▶ [Action item]: Write down exactly what lies from the line containing "that giddy feeling" to the end of the records, inclusive, and omit the pictures.

(Data for this task Opens)

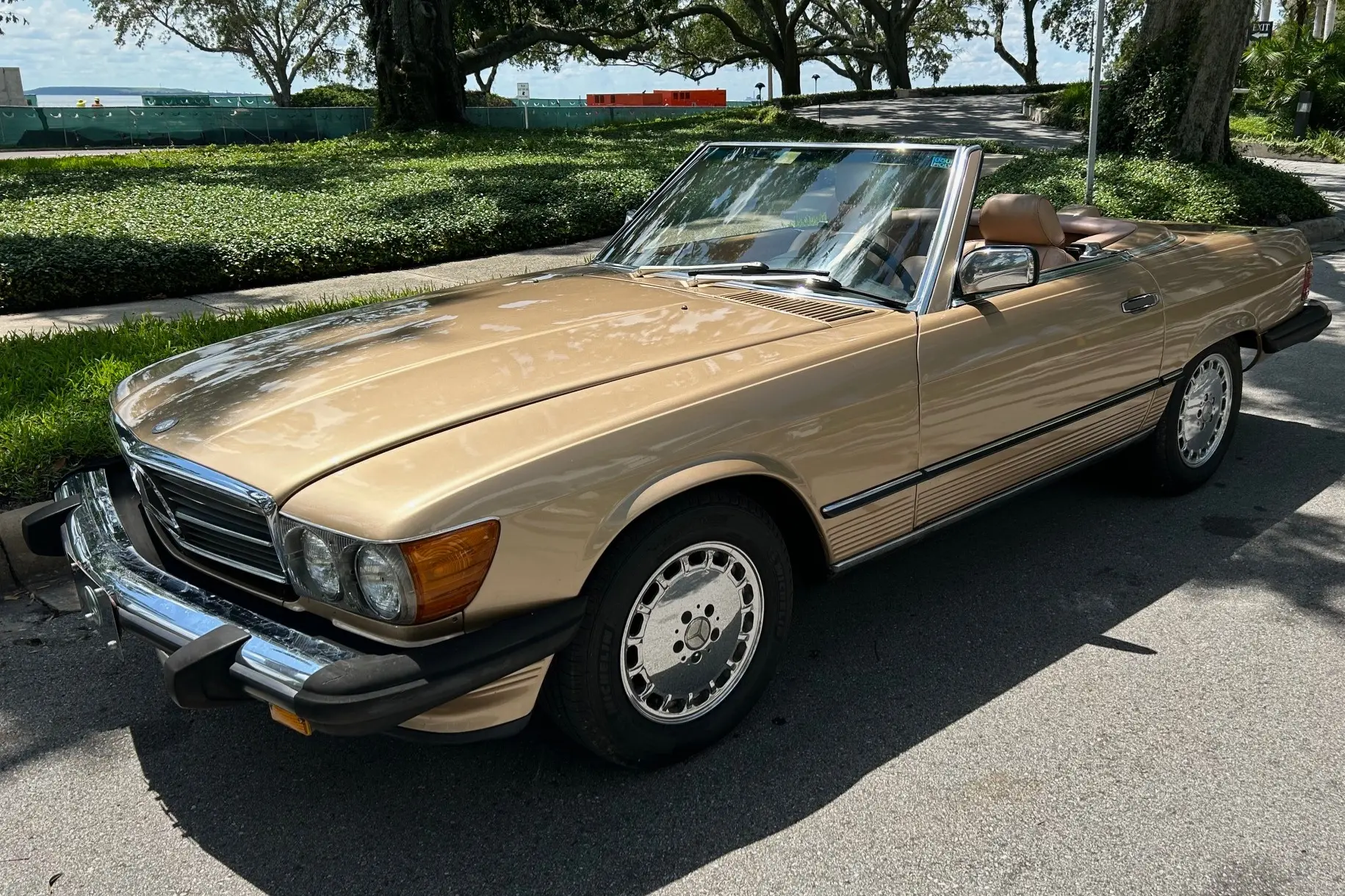1987 Mercedes-Benz SL-Class 560SL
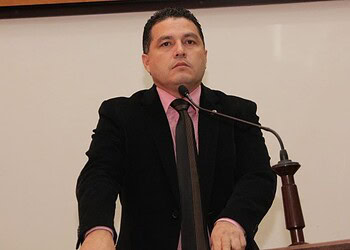 Deputado Eber Machado oficializa desistência de pré-candidatura à prefeitura da capital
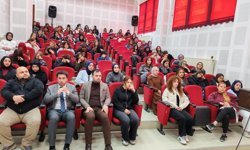 Emet MYO'da Çocuk Gelişimi konferansı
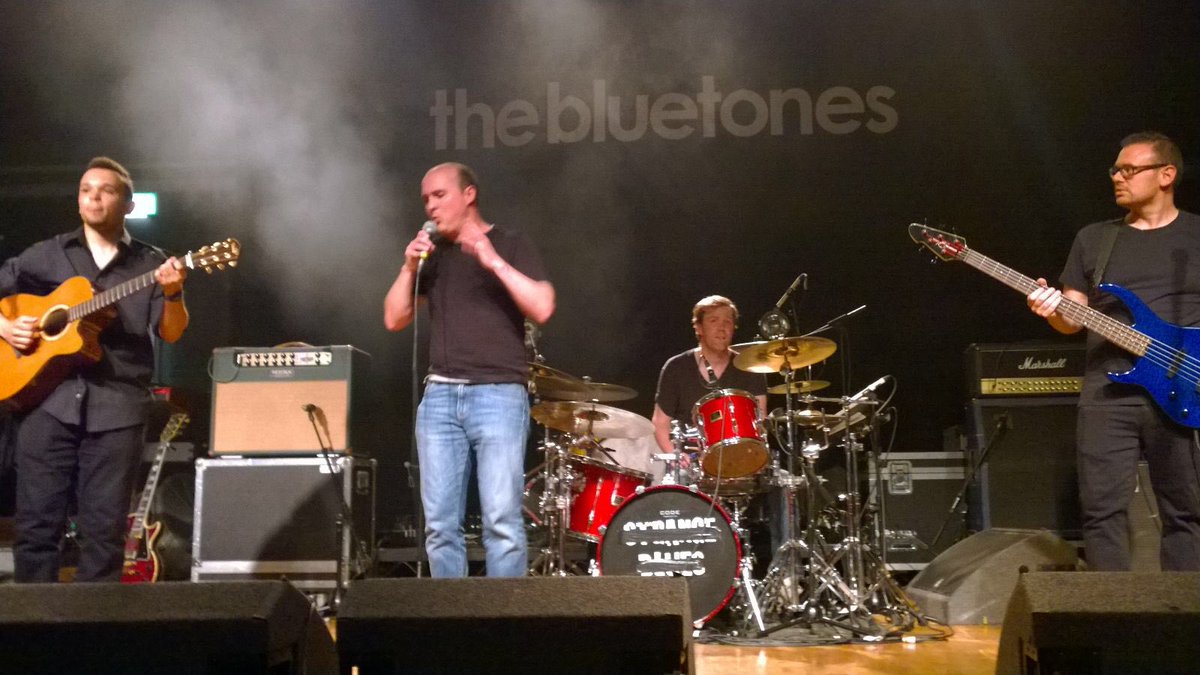 Well <a href="/rethinkyourmind/">rethinkyourmind</a> #IFeelBetterWhen we are supporting mentor <a href="/TheQuill/">Mark Morriss</a> of <a href="/TheBluetones/">The Bluetones</a> what about you? #WMHD16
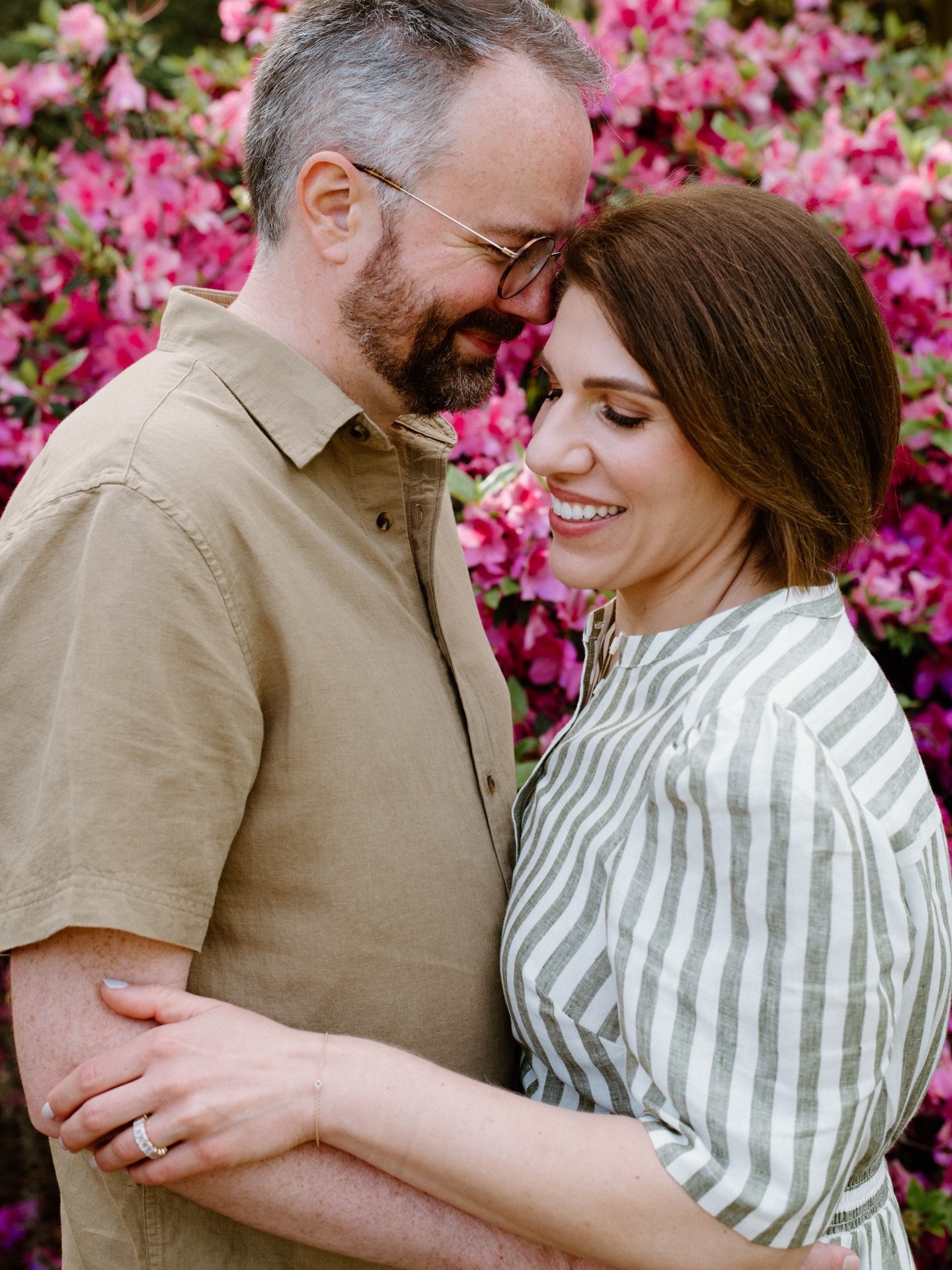 that giddy feeling you get when the light is right and you have just the best time capturing two people 🥹Kyle + Abby this morning at Riverfront Park is giving everything. 

And the RING!! AL&amp;EM seriously out did themselves 😍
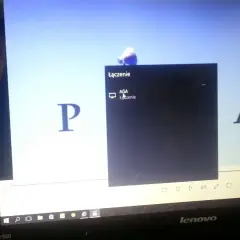 Laptop na TV bezprzewodowo: Łatwy poradnik i rozwiązanie problemów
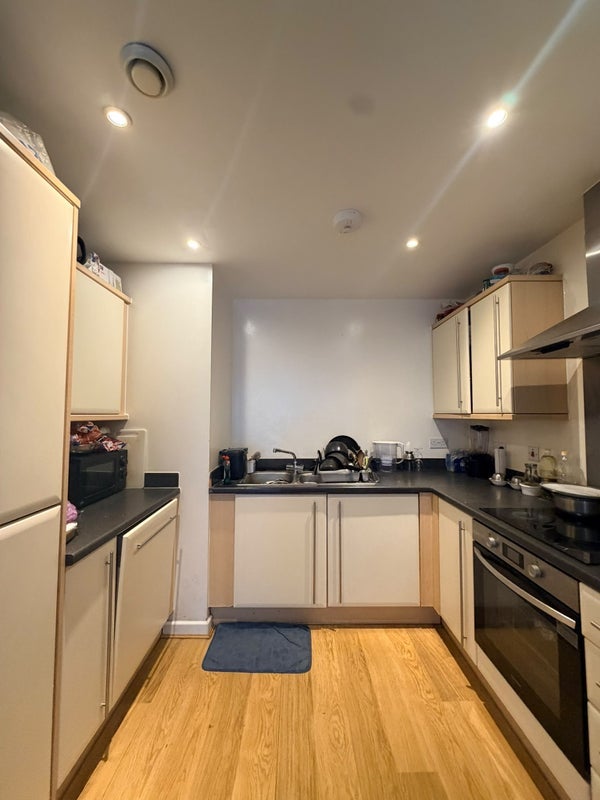 Flat Railway Terrace in Slough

(Data for this task Closes)

▶ [Solution to this problem]:
 that giddy feeling you get when the light is right and you have just the best time capturing two people 🥹Kyle + Abby this morning at Riverfront Park is giving everything. 

And the RING!! AL&amp;EM seriously out did themselves 😍
 Laptop na TV bezprzewodowo: Łatwy poradnik i rozwiązanie problemów
 Flat Railway Terrace in Slough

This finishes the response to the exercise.